The threat of an asteroid strike from an unknown and potentially devastating space object is all too real, and yet there is no adequate detection or deflection system in place. [Image by Nostalgia For Infinity/Shutterstock]

It isn’t as if Congress does not understand the threat. They passed the George E. Brown, Jr. Near-Earth Object Act, which called for the detecting, tracking, and cataloging of up to 90 percent of NEOs 14o meters wide and larger, back in 2005. And yet, funding for a working deflection system has yet to be allocated. In fact, as Huffington Post reported, the Trump administration is set to cut NASA funding in the upcoming budget.

Still, in addition to AIDA, scientists around the world have been working on detection and deflection systems. They met at a conference held in San Francisco in December and presented ideas on various strategies and defense systems with which to combat the imminent threat of killer asteroids and comets.

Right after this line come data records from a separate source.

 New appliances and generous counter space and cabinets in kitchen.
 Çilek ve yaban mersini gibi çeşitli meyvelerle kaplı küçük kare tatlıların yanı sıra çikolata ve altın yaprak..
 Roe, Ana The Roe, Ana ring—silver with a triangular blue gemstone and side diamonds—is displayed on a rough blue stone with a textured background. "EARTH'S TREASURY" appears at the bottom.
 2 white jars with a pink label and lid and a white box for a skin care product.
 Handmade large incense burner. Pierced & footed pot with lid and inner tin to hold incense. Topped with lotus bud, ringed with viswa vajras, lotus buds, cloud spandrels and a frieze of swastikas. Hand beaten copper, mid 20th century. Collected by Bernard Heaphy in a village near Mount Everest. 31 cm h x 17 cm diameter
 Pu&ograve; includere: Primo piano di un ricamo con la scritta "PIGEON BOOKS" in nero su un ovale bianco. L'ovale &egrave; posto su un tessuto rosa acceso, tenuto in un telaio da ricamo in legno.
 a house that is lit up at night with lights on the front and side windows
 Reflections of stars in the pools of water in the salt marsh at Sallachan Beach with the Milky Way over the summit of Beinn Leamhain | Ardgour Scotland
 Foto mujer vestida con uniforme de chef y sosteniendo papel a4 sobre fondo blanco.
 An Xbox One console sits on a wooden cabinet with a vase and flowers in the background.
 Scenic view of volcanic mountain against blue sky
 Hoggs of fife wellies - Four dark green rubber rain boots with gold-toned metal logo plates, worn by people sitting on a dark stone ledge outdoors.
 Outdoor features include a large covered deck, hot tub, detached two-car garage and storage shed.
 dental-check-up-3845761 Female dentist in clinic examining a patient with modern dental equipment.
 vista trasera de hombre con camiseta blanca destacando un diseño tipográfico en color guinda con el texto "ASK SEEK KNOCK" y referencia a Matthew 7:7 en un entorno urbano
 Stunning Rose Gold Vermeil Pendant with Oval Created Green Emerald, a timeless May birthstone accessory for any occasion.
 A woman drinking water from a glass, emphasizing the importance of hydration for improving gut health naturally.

To emphasize the seriousness of the asteroid (and comet) threat, NASA scientist Joseph Nuth made headlines when he said that Earth was overdue for a “dinosaur killer” asteroid, a space rock the size of the impactor that is believed to have contributed to the extinction event that swept the planet 66 million years ago and led to the demise of the dinosaurs. Recognizing that the average mission, from conception to launch, took about five years to actualize, Nuth said that, should a massive asteroid or comet be bearing down on Earth, “there’s not a hell of a lot we can do about it at the moment.”